• _What is needed_
Transcribe exactly, and only, the lines from the one containing "white and yellow" through the end of the entries below, leaving the pictures out.

• _Records supplied_
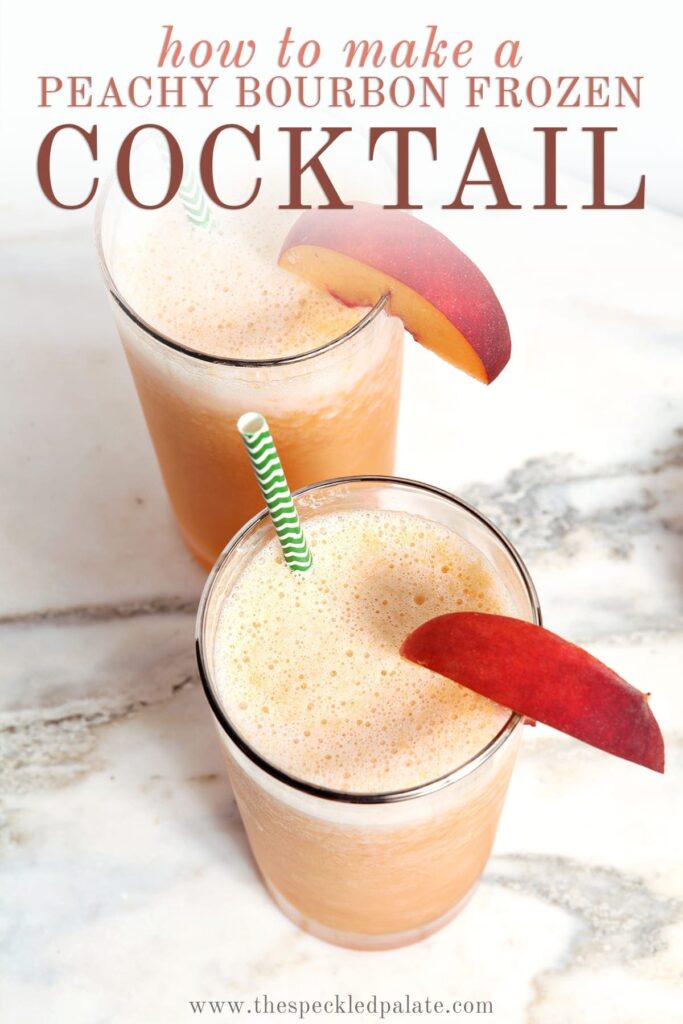 Two glasses holding frothy orange liquid inside on a marble countertop with peach wedge garnishes and green straws with the text "how to make a peachy bourbon frozen cocktail"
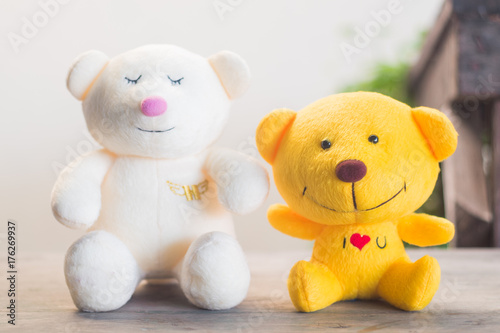 white and yellow teddy bear sitting on wood floor with blur background and vintage tone © dadatop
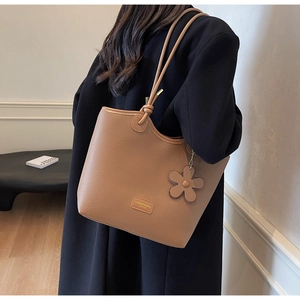 Close-up of brown litchi leather bucket bag with metallic logo and flower charm pendant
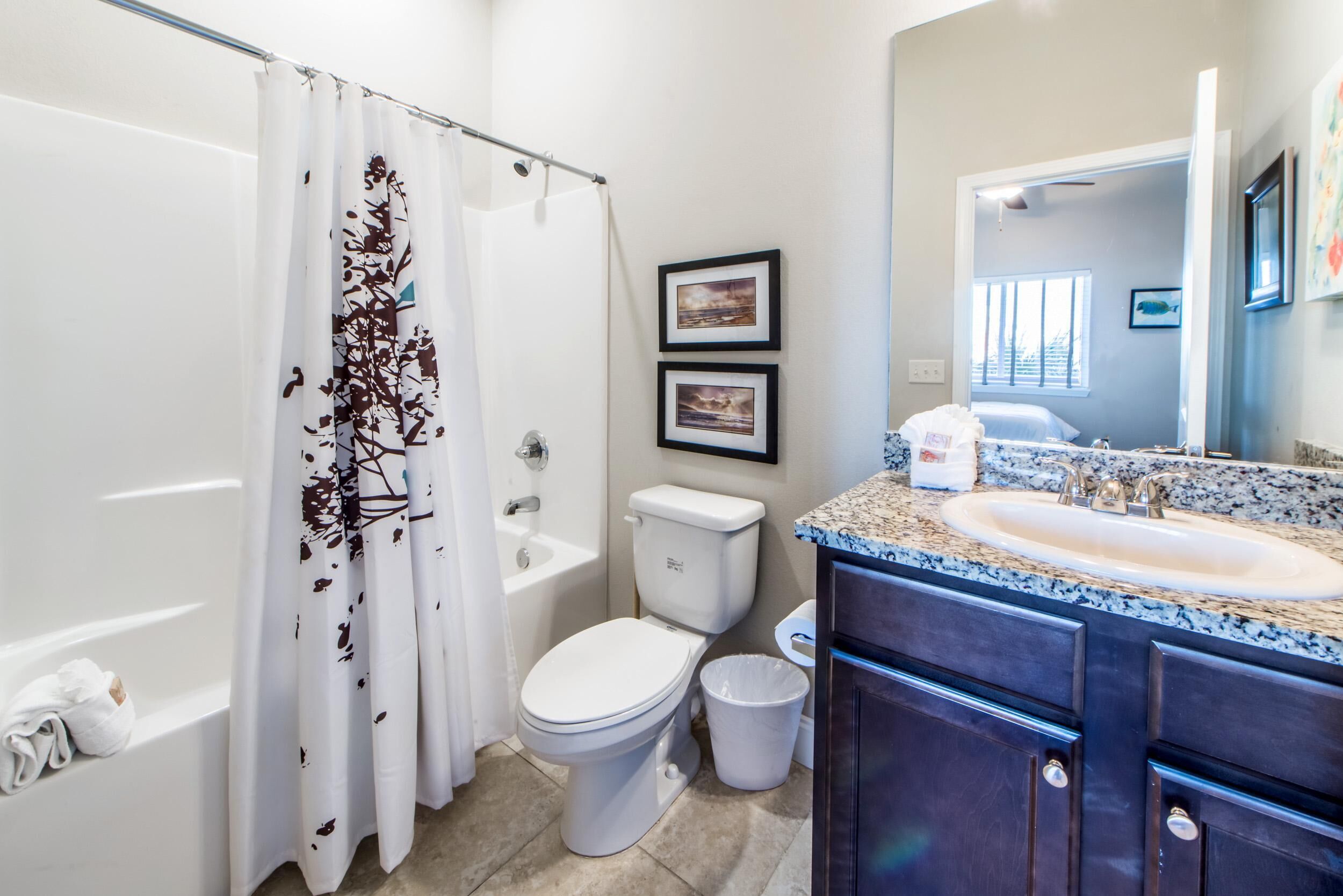 A bathroom with a shower curtain, toilet, sink, and vanity.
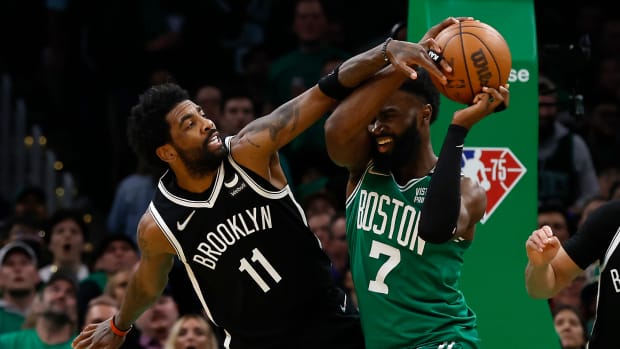Kyrie Irving wears Air Jordan 1 Low 'Travis Scott' sneakers and Jaylen Brown wears Yeezy 700.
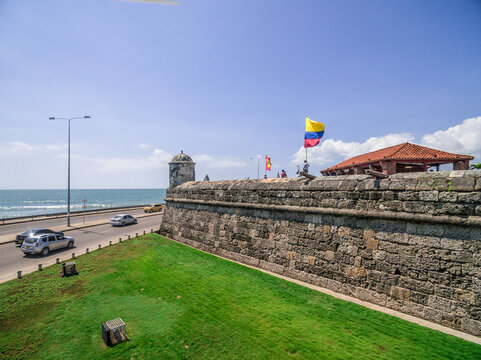 Cartagena de Indias historical walls and Colombian flag with the sea in the back - aerial shot in Colombia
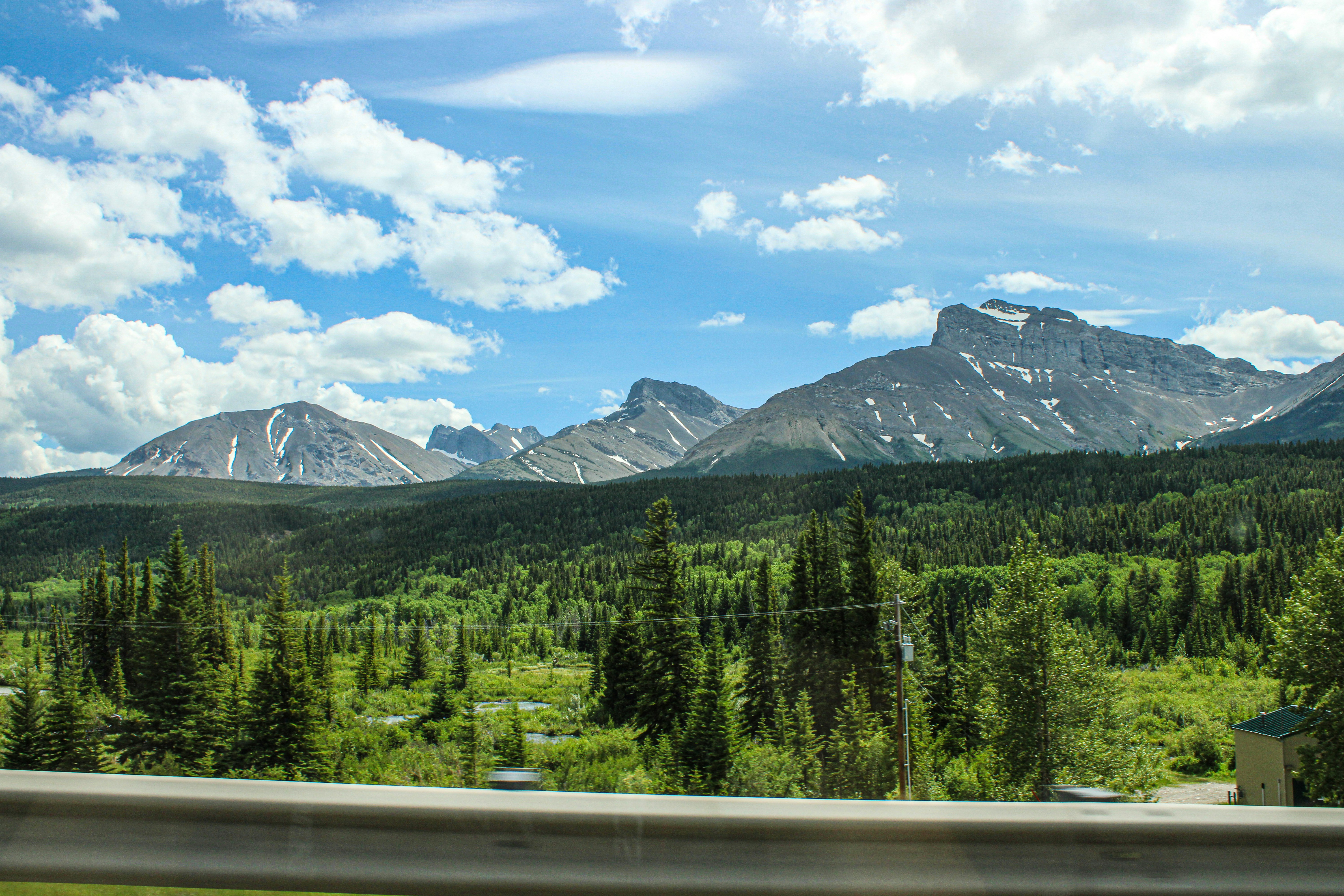 A view of a mountain range from a moving car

• _Exercise solution_
 white and yellow teddy bear sitting on wood floor with blur background and vintage tone © dadatop
 Close-up of brown litchi leather bucket bag with metallic logo and flower charm pendant
 A bathroom with a shower curtain, toilet, sink, and vanity.
Kyrie Irving wears Air Jordan 1 Low 'Travis Scott' sneakers and Jaylen Brown wears Yeezy 700.
 Cartagena de Indias historical walls and Colombian flag with the sea in the back - aerial shot in Colombia
 A view of a mountain range from a moving car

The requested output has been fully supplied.